===== Source material
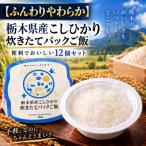 産こしひかり 炊きたてパックご飯 便利でおいしい12個セット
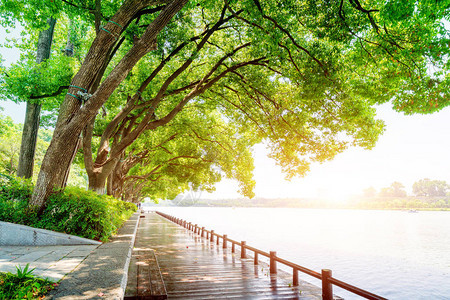 南京玄武湖边的木栈道图片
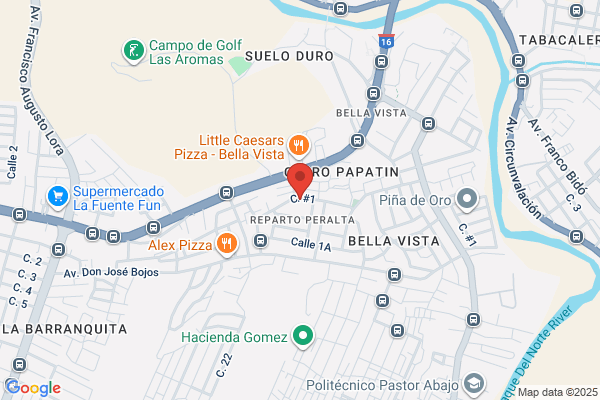 CARNICERIA REYES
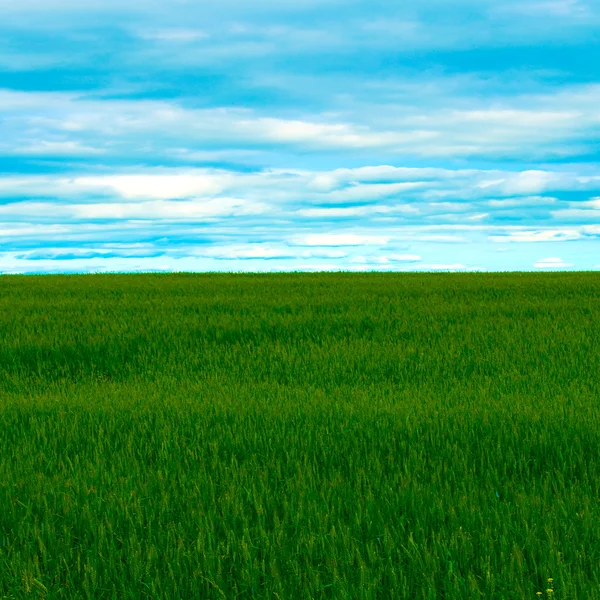 Panoramisch uitzicht te levendig groen gras — Stockfoto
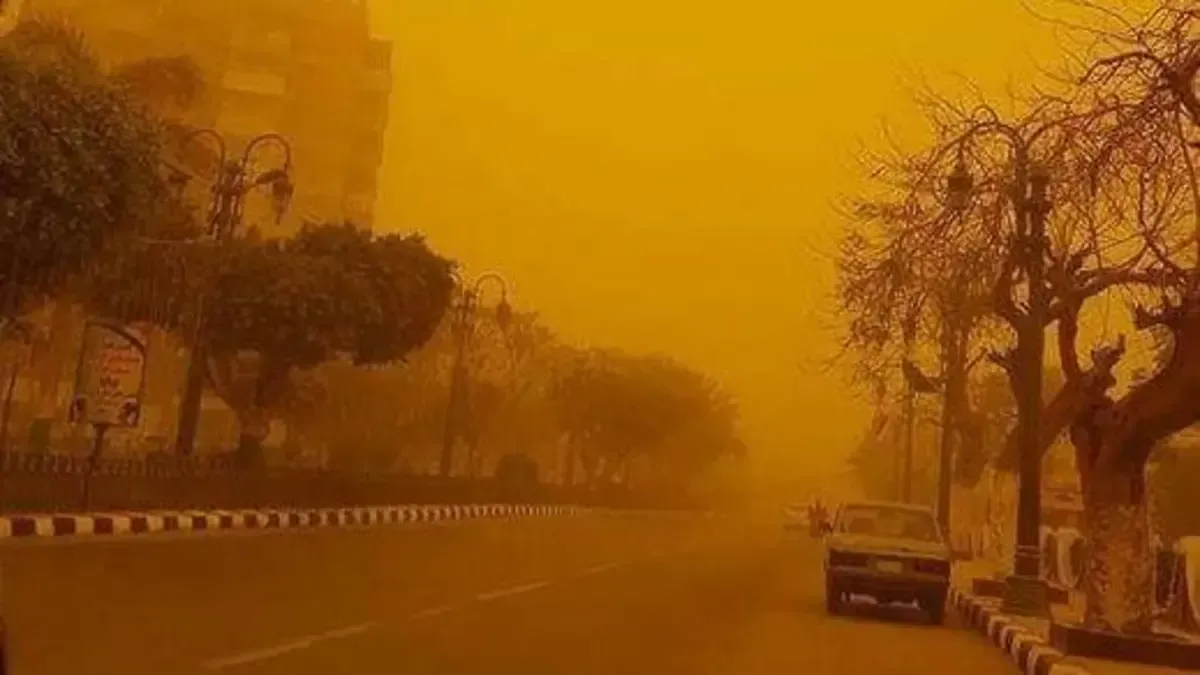 وفاة مسن إثر سقوط نخلة بسبب الطقس السيئ في الغربية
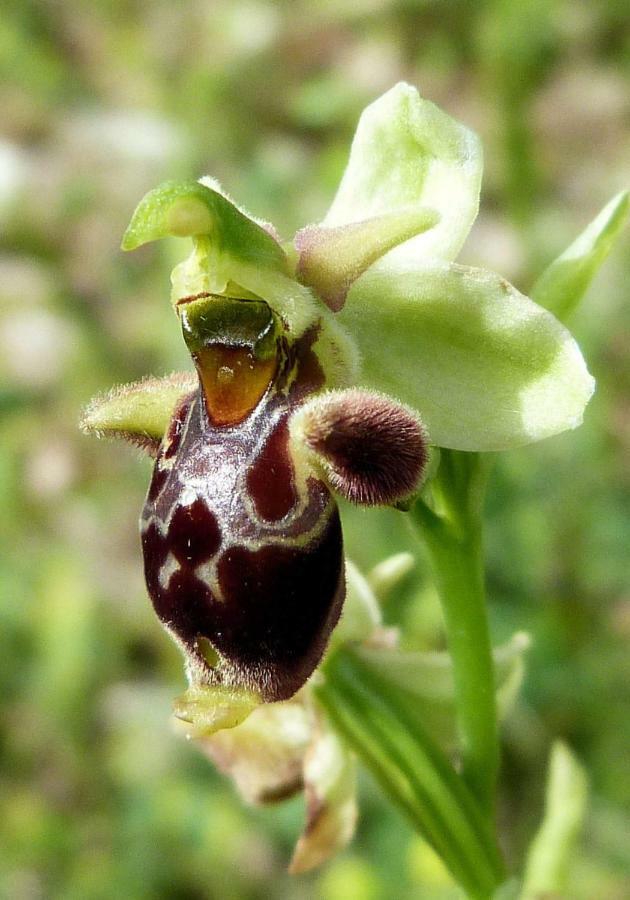 Orchidea Mattinata Parco Del Gargano Apartment Екстериор снимка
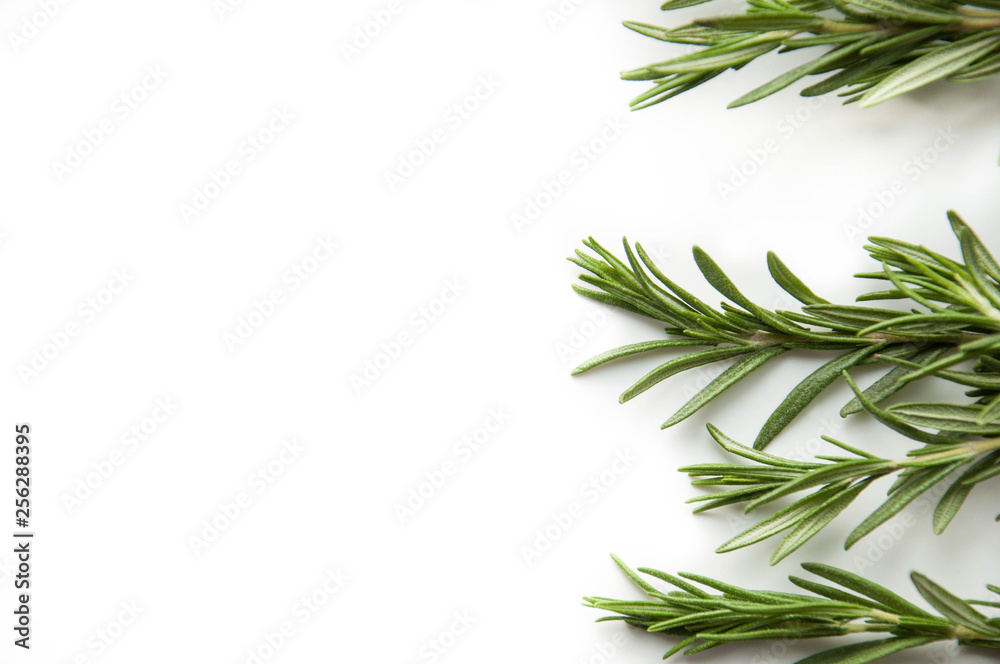 Rosemary twig fresh green. Natural spice. Rosemary twig fresh green. Natural spice.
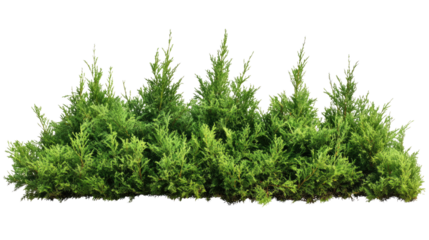 arborvitae on white background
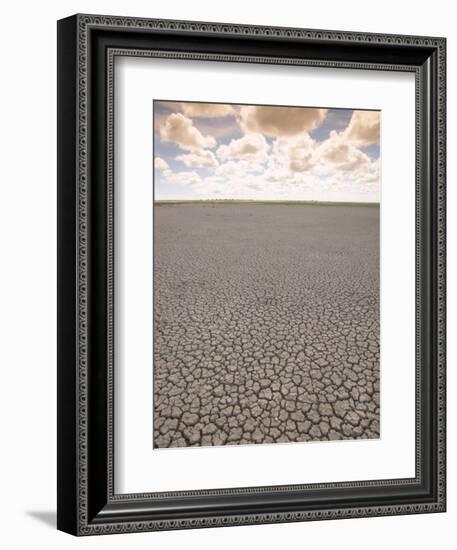 Parched Earth, Etosha National Park, Namibia-Walter Bibikow-Framed Photographic Print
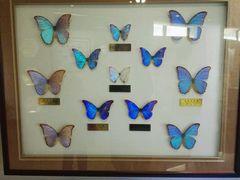 -上海昆虫博物馆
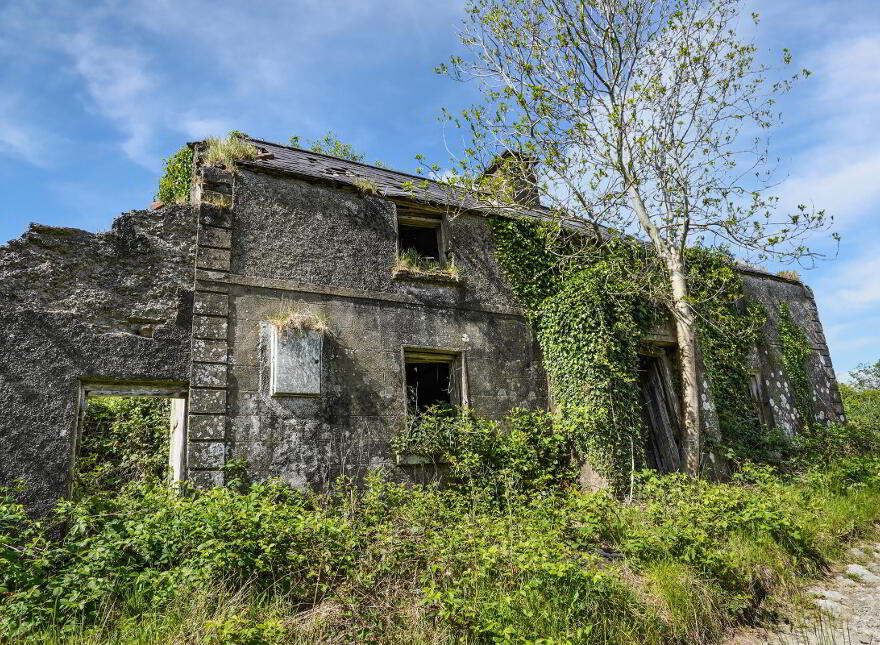 Losset, Moynalty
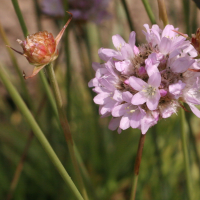 armeria_alliacea2md (Armeria alliacea)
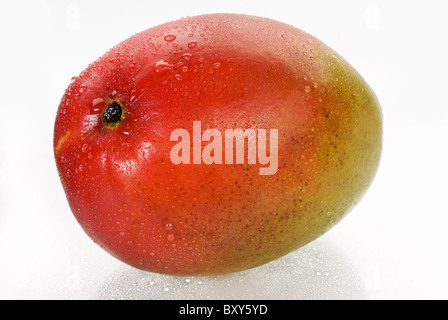 Eine ganz nasse Mangofrucht isoliert auf weißem Hintergrund Stockfoto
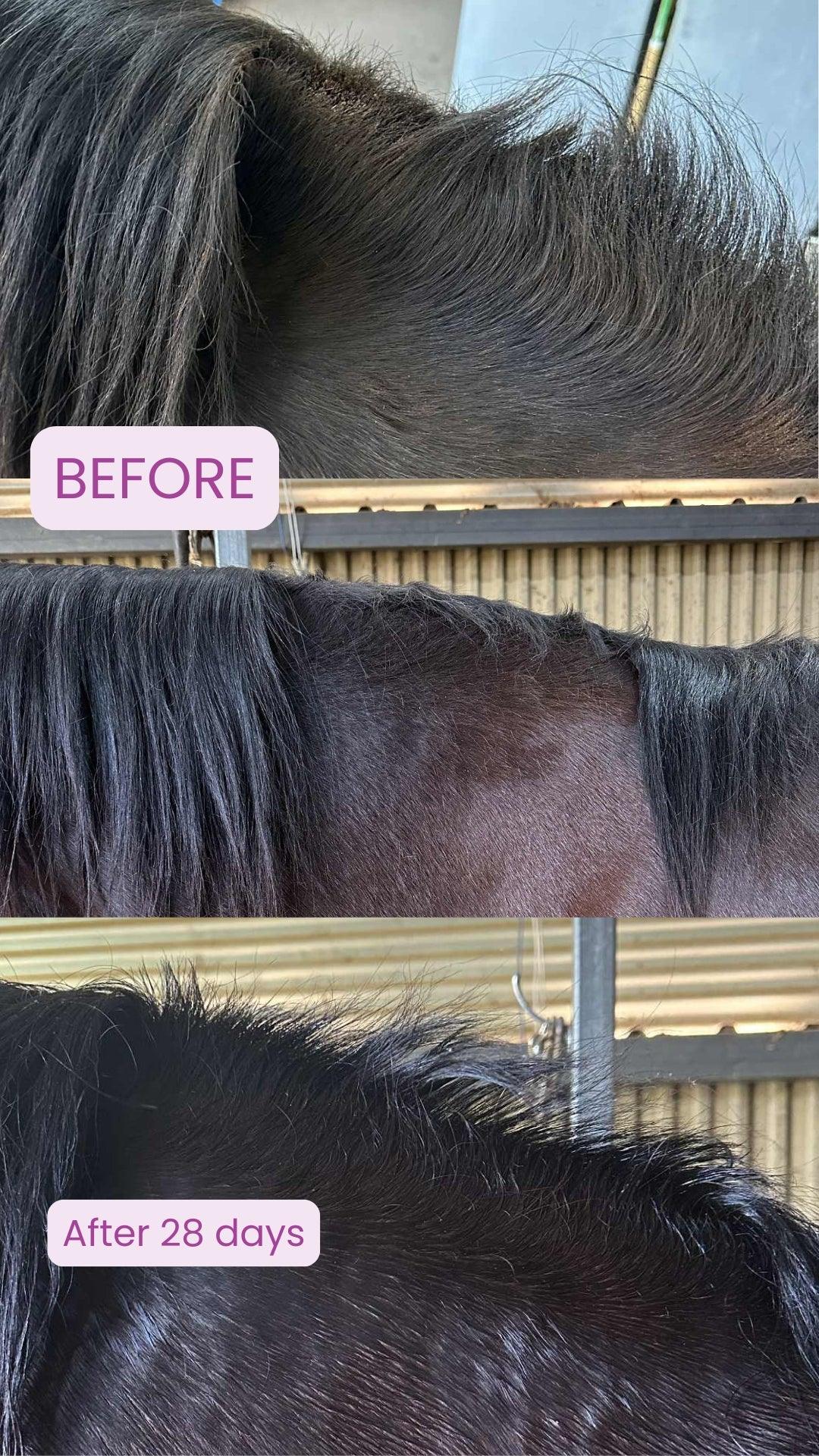 Grow It – The Regrowth Ritual | Leave-In Mane & Tail Serum - Horse Queened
==========
#### Instructions for the task:
Retype all the data exactly; skip the pictures.

#### Result of the exercise:
 産こしひかり 炊きたてパックご飯 便利でおいしい12個セット
 南京玄武湖边的木栈道图片
 CARNICERIA REYES
 Panoramisch uitzicht te levendig groen gras — Stockfoto
 وفاة مسن إثر سقوط نخلة بسبب الطقس السيئ في الغربية
 Orchidea Mattinata Parco Del Gargano Apartment Екстериор снимка
 Rosemary twig fresh green. Natural spice. Rosemary twig fresh green. Natural spice.
 arborvitae on white background
 Parched Earth, Etosha National Park, Namibia-Walter Bibikow-Framed Photographic Print
 -上海昆虫博物馆
 Losset, Moynalty
 armeria_alliacea2md (Armeria alliacea)
 Eine ganz nasse Mangofrucht isoliert auf weißem Hintergrund Stockfoto
 Grow It – The Regrowth Ritual | Leave-In Mane & Tail Serum - Horse Queened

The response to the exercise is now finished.